Start of Block

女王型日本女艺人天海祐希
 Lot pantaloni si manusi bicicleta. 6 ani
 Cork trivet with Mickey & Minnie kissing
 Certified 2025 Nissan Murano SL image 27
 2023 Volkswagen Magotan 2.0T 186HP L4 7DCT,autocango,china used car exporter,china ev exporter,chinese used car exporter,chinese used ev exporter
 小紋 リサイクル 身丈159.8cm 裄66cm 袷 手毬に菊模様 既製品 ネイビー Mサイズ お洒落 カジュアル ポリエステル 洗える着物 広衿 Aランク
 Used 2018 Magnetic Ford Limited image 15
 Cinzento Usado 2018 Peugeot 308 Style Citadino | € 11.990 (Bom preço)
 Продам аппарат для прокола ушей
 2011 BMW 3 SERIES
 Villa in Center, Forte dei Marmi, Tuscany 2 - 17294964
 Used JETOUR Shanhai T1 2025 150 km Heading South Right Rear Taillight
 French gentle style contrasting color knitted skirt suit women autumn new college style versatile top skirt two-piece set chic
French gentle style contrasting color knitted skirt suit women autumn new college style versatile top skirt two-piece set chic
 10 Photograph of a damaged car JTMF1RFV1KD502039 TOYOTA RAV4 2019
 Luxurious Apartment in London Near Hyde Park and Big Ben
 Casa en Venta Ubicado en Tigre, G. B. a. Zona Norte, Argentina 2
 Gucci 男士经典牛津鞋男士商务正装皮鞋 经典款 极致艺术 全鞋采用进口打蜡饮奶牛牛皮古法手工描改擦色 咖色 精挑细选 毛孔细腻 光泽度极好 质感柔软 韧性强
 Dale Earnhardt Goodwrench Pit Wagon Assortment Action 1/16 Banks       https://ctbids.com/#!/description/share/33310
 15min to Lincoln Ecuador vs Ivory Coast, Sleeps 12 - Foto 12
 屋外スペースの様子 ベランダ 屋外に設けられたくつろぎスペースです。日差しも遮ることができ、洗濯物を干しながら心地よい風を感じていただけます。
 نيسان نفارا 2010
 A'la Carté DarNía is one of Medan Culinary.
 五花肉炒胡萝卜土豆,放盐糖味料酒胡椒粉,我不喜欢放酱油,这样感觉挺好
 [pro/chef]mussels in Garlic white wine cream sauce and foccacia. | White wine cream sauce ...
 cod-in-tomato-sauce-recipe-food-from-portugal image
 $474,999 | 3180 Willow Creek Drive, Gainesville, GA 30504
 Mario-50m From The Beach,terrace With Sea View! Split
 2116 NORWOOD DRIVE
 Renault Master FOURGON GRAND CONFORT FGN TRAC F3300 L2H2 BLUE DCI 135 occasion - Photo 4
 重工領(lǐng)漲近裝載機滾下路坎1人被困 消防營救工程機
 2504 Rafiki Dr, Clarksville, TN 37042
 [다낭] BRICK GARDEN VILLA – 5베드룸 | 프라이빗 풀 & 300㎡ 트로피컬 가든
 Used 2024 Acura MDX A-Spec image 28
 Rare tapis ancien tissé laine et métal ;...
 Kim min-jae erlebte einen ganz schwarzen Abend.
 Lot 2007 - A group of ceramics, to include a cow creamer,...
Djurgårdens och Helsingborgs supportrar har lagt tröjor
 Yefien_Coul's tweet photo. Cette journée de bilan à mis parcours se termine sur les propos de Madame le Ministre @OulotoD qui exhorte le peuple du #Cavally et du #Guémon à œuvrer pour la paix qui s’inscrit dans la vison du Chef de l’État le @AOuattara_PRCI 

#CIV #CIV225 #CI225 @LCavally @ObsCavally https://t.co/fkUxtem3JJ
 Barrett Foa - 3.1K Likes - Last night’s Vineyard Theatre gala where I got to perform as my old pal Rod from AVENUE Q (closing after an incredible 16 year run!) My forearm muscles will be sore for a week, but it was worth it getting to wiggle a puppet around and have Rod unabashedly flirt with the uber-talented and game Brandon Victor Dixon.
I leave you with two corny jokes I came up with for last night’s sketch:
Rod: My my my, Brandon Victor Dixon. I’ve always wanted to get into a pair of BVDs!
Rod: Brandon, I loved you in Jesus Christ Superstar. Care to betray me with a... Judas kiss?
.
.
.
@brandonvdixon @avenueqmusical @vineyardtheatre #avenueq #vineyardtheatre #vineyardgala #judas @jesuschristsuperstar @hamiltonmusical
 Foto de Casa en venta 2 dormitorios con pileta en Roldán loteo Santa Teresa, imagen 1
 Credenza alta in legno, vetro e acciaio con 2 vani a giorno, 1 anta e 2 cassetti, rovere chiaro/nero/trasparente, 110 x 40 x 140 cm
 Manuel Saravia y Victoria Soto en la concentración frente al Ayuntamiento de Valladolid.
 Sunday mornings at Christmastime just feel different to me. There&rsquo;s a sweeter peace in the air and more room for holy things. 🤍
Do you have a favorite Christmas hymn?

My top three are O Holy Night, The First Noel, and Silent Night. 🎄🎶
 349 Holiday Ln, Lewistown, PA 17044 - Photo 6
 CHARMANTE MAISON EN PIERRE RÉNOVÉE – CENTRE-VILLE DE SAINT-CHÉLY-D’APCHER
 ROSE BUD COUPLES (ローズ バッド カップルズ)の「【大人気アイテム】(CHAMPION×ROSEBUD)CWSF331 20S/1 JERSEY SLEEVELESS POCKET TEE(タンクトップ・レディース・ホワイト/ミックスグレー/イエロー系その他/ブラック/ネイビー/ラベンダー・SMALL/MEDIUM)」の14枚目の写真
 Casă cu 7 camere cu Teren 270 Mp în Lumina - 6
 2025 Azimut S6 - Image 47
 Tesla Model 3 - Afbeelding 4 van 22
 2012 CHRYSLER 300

End of Block

◆ Task directions
Using the data above, reproduce every line exactly.

◆ Output for this exercise
女王型日本女艺人天海祐希
 Lot pantaloni si manusi bicicleta. 6 ani
 Cork trivet with Mickey & Minnie kissing
 Certified 2025 Nissan Murano SL image 27
 2023 Volkswagen Magotan 2.0T 186HP L4 7DCT,autocango,china used car exporter,china ev exporter,chinese used car exporter,chinese used ev exporter
 小紋 リサイクル 身丈159.8cm 裄66cm 袷 手毬に菊模様 既製品 ネイビー Mサイズ お洒落 カジュアル ポリエステル 洗える着物 広衿 Aランク
 Used 2018 Magnetic Ford Limited image 15
 Cinzento Usado 2018 Peugeot 308 Style Citadino | € 11.990 (Bom preço)
 Продам аппарат для прокола ушей
 2011 BMW 3 SERIES
 Villa in Center, Forte dei Marmi, Tuscany 2 - 17294964
 Used JETOUR Shanhai T1 2025 150 km Heading South Right Rear Taillight
 French gentle style contrasting color knitted skirt suit women autumn new college style versatile top skirt two-piece set chic
French gentle style contrasting color knitted skirt suit women autumn new college style versatile top skirt two-piece set chic
 10 Photograph of a damaged car JTMF1RFV1KD502039 TOYOTA RAV4 2019
 Luxurious Apartment in London Near Hyde Park and Big Ben
 Casa en Venta Ubicado en Tigre, G. B. a. Zona Norte, Argentina 2
 Gucci 男士经典牛津鞋男士商务正装皮鞋 经典款 极致艺术 全鞋采用进口打蜡饮奶牛牛皮古法手工描改擦色 咖色 精挑细选 毛孔细腻 光泽度极好 质感柔软 韧性强
 Dale Earnhardt Goodwrench Pit Wagon Assortment Action 1/16 Banks       https://ctbids.com/#!/description/share/33310
 15min to Lincoln Ecuador vs Ivory Coast, Sleeps 12 - Foto 12
 屋外スペースの様子 ベランダ 屋外に設けられたくつろぎスペースです。日差しも遮ることができ、洗濯物を干しながら心地よい風を感じていただけます。
 نيسان نفارا 2010
 A'la Carté DarNía is one of Medan Culinary.
 五花肉炒胡萝卜土豆,放盐糖味料酒胡椒粉,我不喜欢放酱油,这样感觉挺好
 [pro/chef]mussels in Garlic white wine cream sauce and foccacia. | White wine cream sauce ...
 cod-in-tomato-sauce-recipe-food-from-portugal image
 $474,999 | 3180 Willow Creek Drive, Gainesville, GA 30504
 Mario-50m From The Beach,terrace With Sea View! Split
 2116 NORWOOD DRIVE
 Renault Master FOURGON GRAND CONFORT FGN TRAC F3300 L2H2 BLUE DCI 135 occasion - Photo 4
 重工領(lǐng)漲近裝載機滾下路坎1人被困 消防營救工程機
 2504 Rafiki Dr, Clarksville, TN 37042
 [다낭] BRICK GARDEN VILLA – 5베드룸 | 프라이빗 풀 & 300㎡ 트로피컬 가든
 Used 2024 Acura MDX A-Spec image 28
 Rare tapis ancien tissé laine et métal ;...
 Kim min-jae erlebte einen ganz schwarzen Abend.
 Lot 2007 - A group of ceramics, to include a cow creamer,...
Djurgårdens och Helsingborgs supportrar har lagt tröjor
 Yefien_Coul's tweet photo. Cette journée de bilan à mis parcours se termine sur les propos de Madame le Ministre @OulotoD qui exhorte le peuple du #Cavally et du #Guémon à œuvrer pour la paix qui s’inscrit dans la vison du Chef de l’État le @AOuattara_PRCI 

#CIV #CIV225 #CI225 @LCavally @ObsCavally https://t.co/fkUxtem3JJ
 Barrett Foa - 3.1K Likes - Last night’s Vineyard Theatre gala where I got to perform as my old pal Rod from AVENUE Q (closing after an incredible 16 year run!) My forearm muscles will be sore for a week, but it was worth it getting to wiggle a puppet around and have Rod unabashedly flirt with the uber-talented and game Brandon Victor Dixon.
I leave you with two corny jokes I came up with for last night’s sketch:
Rod: My my my, Brandon Victor Dixon. I’ve always wanted to get into a pair of BVDs!
Rod: Brandon, I loved you in Jesus Christ Superstar. Care to betray me with a... Judas kiss?
.
.
.
@brandonvdixon @avenueqmusical @vineyardtheatre #avenueq #vineyardtheatre #vineyardgala #judas @jesuschristsuperstar @hamiltonmusical
 Foto de Casa en venta 2 dormitorios con pileta en Roldán loteo Santa Teresa, imagen 1
 Credenza alta in legno, vetro e acciaio con 2 vani a giorno, 1 anta e 2 cassetti, rovere chiaro/nero/trasparente, 110 x 40 x 140 cm
 Manuel Saravia y Victoria Soto en la concentración frente al Ayuntamiento de Valladolid.
 Sunday mornings at Christmastime just feel different to me. There&rsquo;s a sweeter peace in the air and more room for holy things. 🤍
Do you have a favorite Christmas hymn?

My top three are O Holy Night, The First Noel, and Silent Night. 🎄🎶
 349 Holiday Ln, Lewistown, PA 17044 - Photo 6
 CHARMANTE MAISON EN PIERRE RÉNOVÉE – CENTRE-VILLE DE SAINT-CHÉLY-D’APCHER
 ROSE BUD COUPLES (ローズ バッド カップルズ)の「【大人気アイテム】(CHAMPION×ROSEBUD)CWSF331 20S/1 JERSEY SLEEVELESS POCKET TEE(タンクトップ・レディース・ホワイト/ミックスグレー/イエロー系その他/ブラック/ネイビー/ラベンダー・SMALL/MEDIUM)」の14枚目の写真
 Casă cu 7 camere cu Teren 270 Mp în Lumina - 6
 2025 Azimut S6 - Image 47
 Tesla Model 3 - Afbeelding 4 van 22
 2012 CHRYSLER 300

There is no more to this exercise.